→ SUPPLIED RECORDS
== == ==

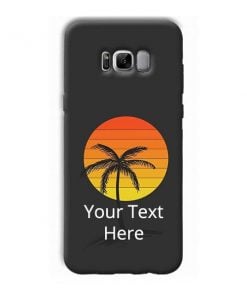 Sunset Beach Design Custom Back Case for Samsung Galaxy S8 Plus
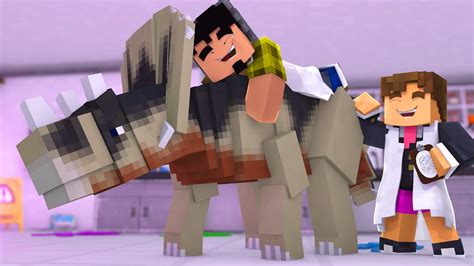 Minecraft Primeiro Dinossauro Hibrido Jurassic World Ep 61 Youtube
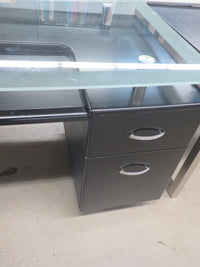 59"W Black Office Table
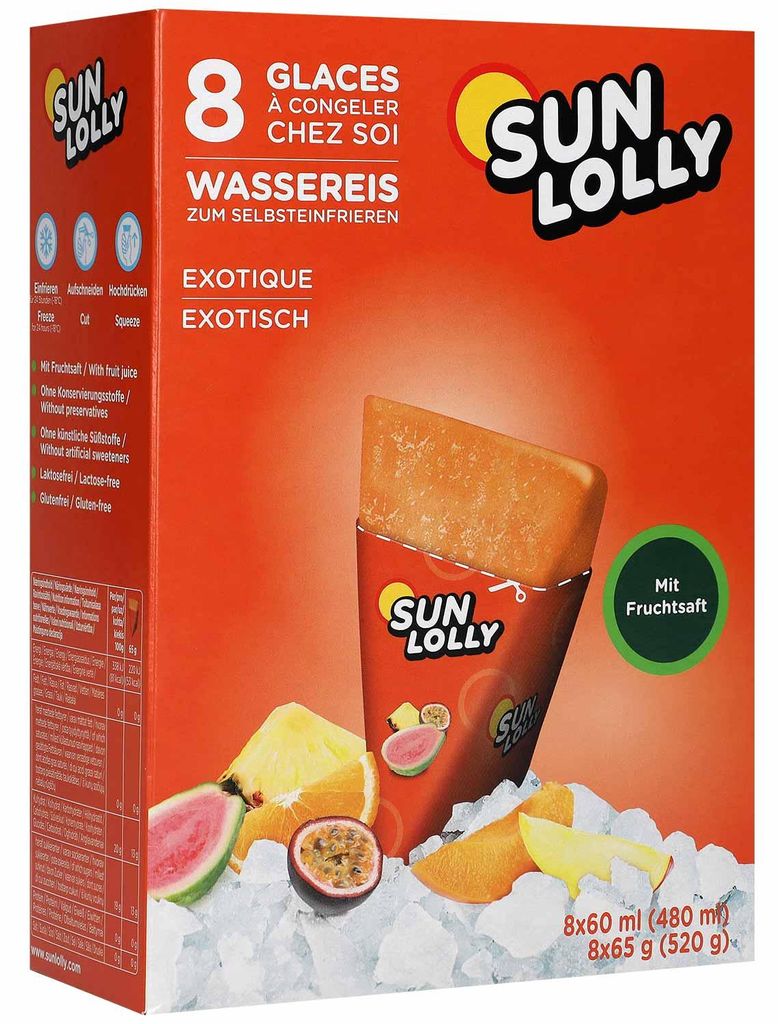 Sun Lolly Wassereis Exotisch 8er Produktbild 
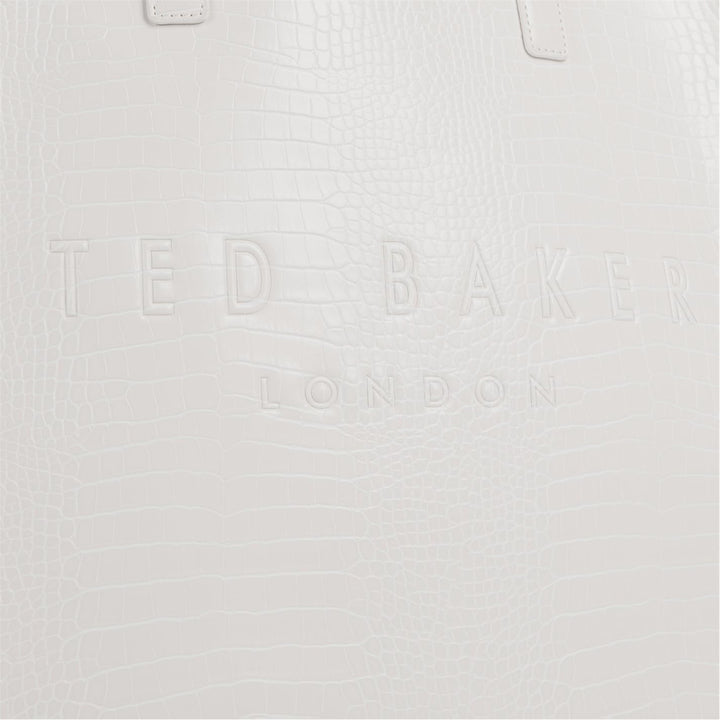 Ted Baker - Damen - Handtasche - CROCCON - Schultergurt, inneres Reissverschlussfach Nude, Nude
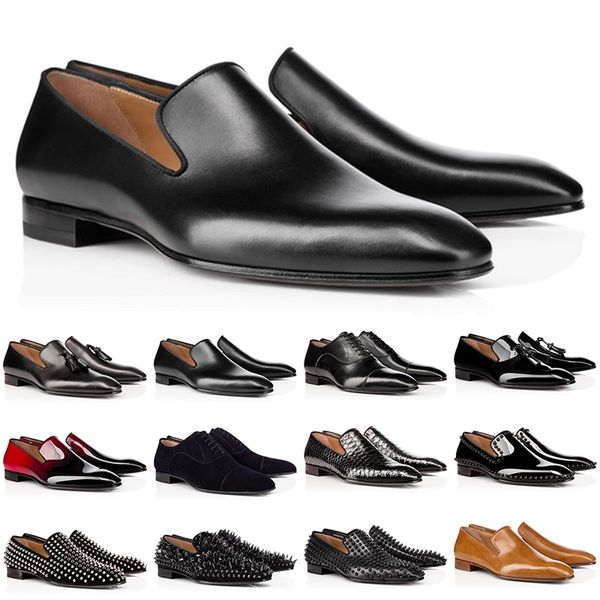 designer red bottom loafers shoes for men matte patent leather suede rivets fashion loafer business wedding party dress shoe
designer red bottom loafers shoes for men matte patent leather suede rivets fashion loafer business wedding party dress shoe
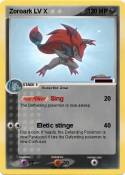Zoroark LV X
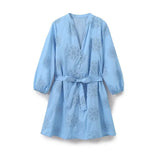 Fongt Homemade New Women's Classic Embroidery Decoration Prefectural Dress 2492058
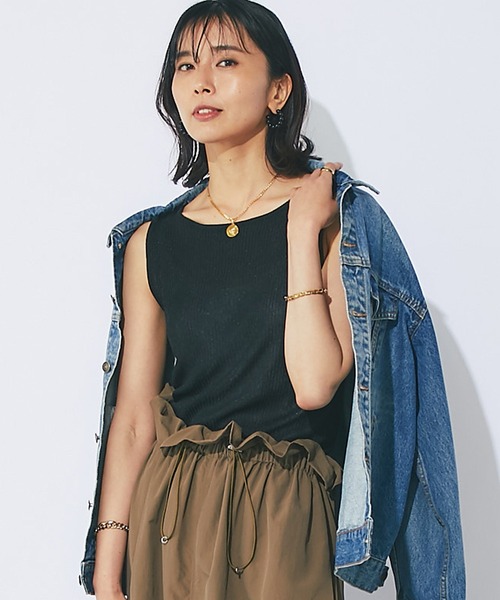 RIVE DROITE（リヴドロワ）の「メタリックリブニット（タンクトップ・レディース・ブラック/シルバー/ゴールド・FREE）」の11枚目の写真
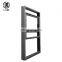 Sliding vertical aluminum window for residence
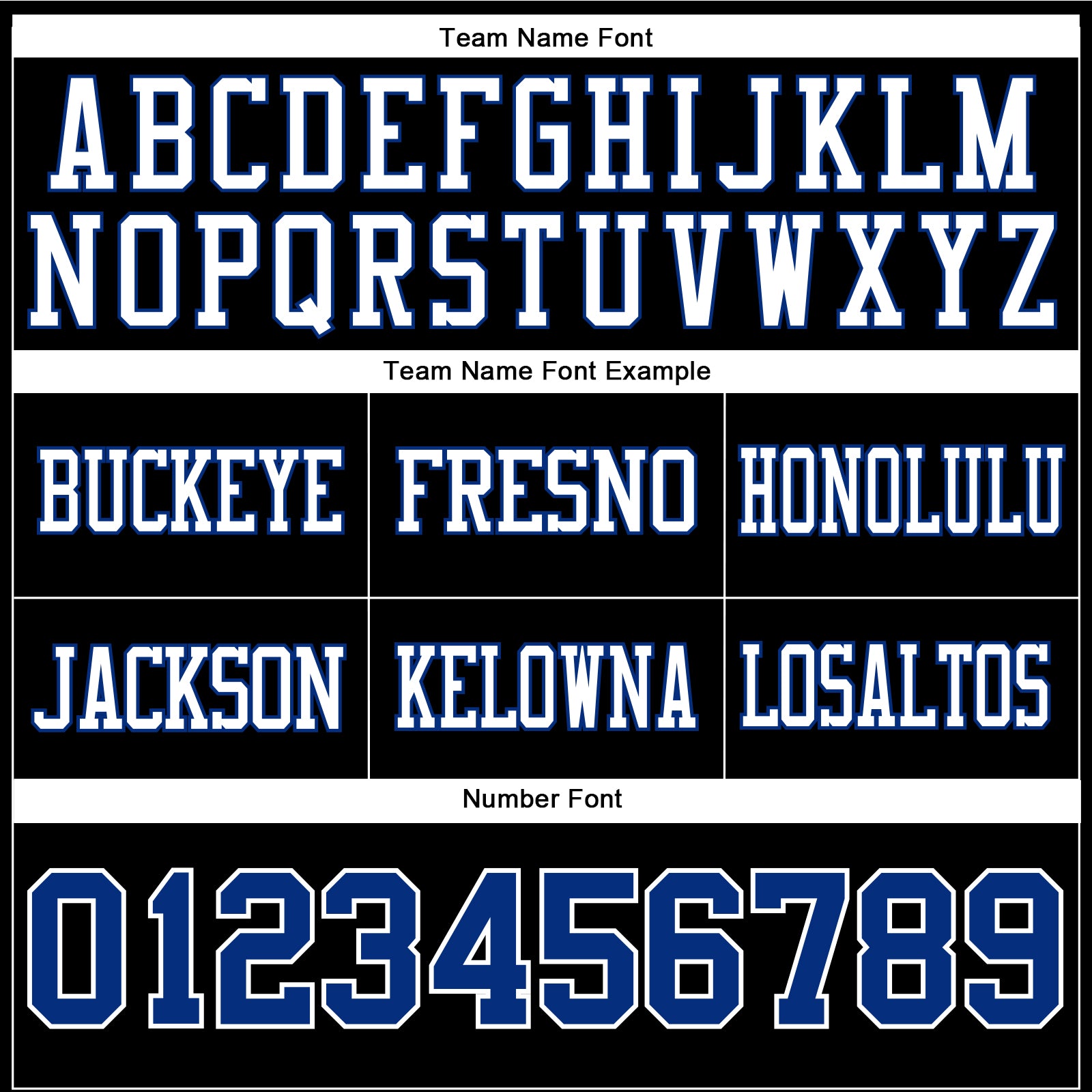 Custom Black Royal-White Authentic Football Jersey view 4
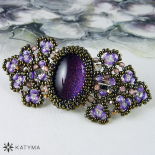 Spona malovaný ovál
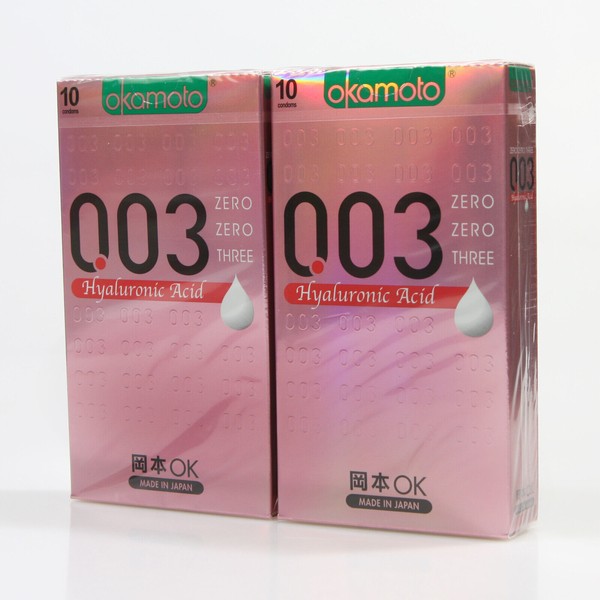 20p Okamoto 003 Hyaluronic Acid 0.03mm condom Lubricant Super Ultra THIN condoms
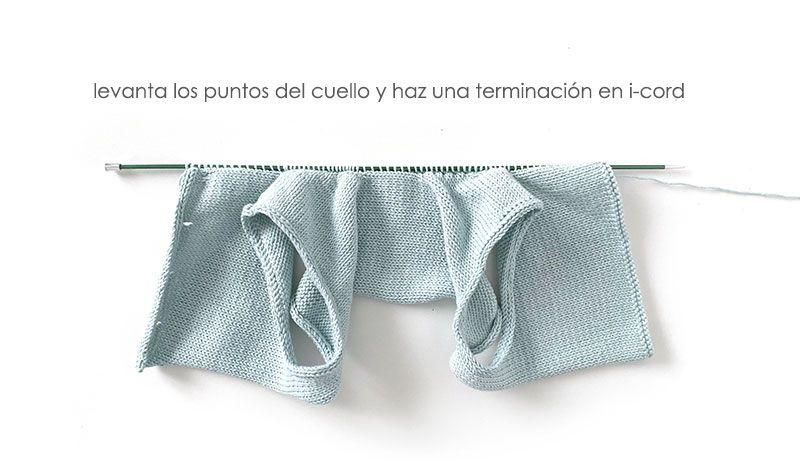 Cómo tejer el vestido de punto para niña y bebé SEASIDE - Patrón y Tuorial Paso a Paso - Pule los untos del cuello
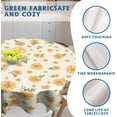 thumbnail image 2 of Summer Light Yellow Flower Round Tablecloth 60 Inch Watercolor Daisy Floral Table Cloth Farmhouse Autumn Thanksgiving Table Cover Fall Wildflower Tablecloth for Kitchen Indoor Outdoor Use, 2 of 5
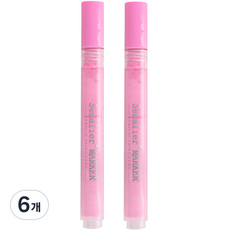 더조넷 아크릴 페인트마커 핑크, 1색, 6개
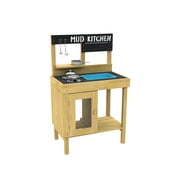 Open Box TP Toys Mud Kitchen Jr Cook with Pots and Pans. Natural Wood. Ages 3-8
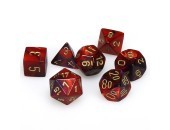 CHX26426 Chessex Manufacturing Gemini: Poly Purple Red/Gold (7) picture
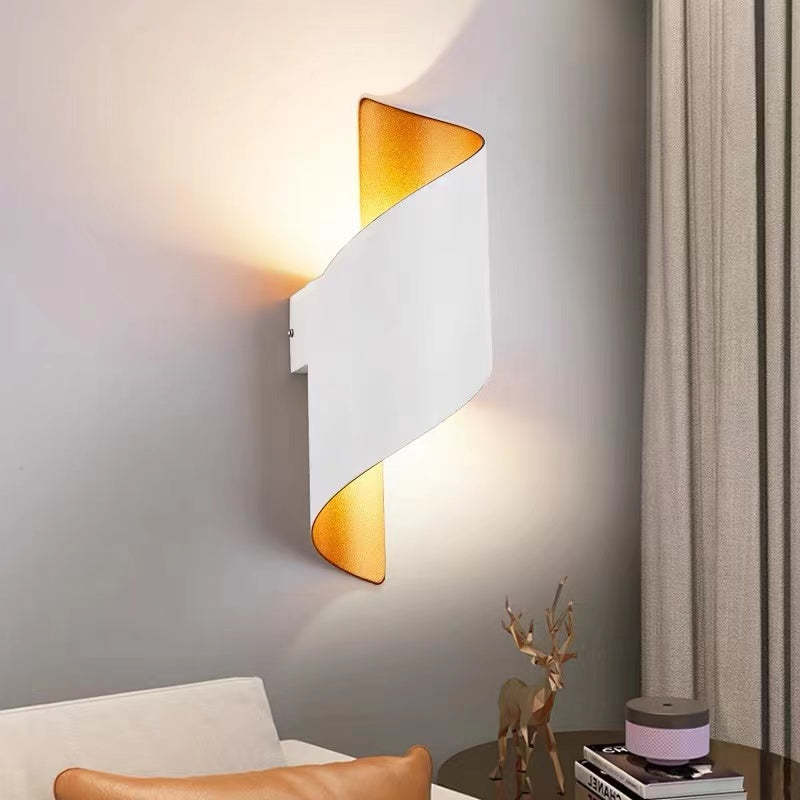 Ray Moderno Diseño Metal/Acrílico LED Aplique de Pared Blanco/Negro/Dorado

== == ==

→ TASK TO COMPLETE
What is needed is an exact copy of the lines from the line with "thumbnail image 2" to the end of the data above, both included, without any pictures.

→ PROBLEM SOLUTION
 thumbnail image 2 of Summer Light Yellow Flower Round Tablecloth 60 Inch Watercolor Daisy Floral Table Cloth Farmhouse Autumn Thanksgiving Table Cover Fall Wildflower Tablecloth for Kitchen Indoor Outdoor Use, 2 of 5
 더조넷 아크릴 페인트마커 핑크, 1색, 6개
 Open Box TP Toys Mud Kitchen Jr Cook with Pots and Pans. Natural Wood. Ages 3-8
 CHX26426 Chessex Manufacturing Gemini: Poly Purple Red/Gold (7) picture
 Ray Moderno Diseño Metal/Acrílico LED Aplique de Pared Blanco/Negro/Dorado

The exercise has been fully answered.